All of the entries below are to be repeated word for word.

### [Data excerpts]
- - - - - - -

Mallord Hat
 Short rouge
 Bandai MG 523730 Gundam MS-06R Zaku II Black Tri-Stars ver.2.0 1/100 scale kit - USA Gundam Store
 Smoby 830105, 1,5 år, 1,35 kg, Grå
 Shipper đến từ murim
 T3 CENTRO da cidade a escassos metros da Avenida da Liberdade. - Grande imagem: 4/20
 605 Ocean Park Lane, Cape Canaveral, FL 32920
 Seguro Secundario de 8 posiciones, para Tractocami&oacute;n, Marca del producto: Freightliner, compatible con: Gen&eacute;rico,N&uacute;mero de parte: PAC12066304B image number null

- - - - - - -

### [Solution for this exercise]
Mallord Hat
 Short rouge
 Bandai MG 523730 Gundam MS-06R Zaku II Black Tri-Stars ver.2.0 1/100 scale kit - USA Gundam Store
 Smoby 830105, 1,5 år, 1,35 kg, Grå
 Shipper đến từ murim
 T3 CENTRO da cidade a escassos metros da Avenida da Liberdade. - Grande imagem: 4/20
 605 Ocean Park Lane, Cape Canaveral, FL 32920
 Seguro Secundario de 8 posiciones, para Tractocami&oacute;n, Marca del producto: Freightliner, compatible con: Gen&eacute;rico,N&uacute;mero de parte: PAC12066304B image number null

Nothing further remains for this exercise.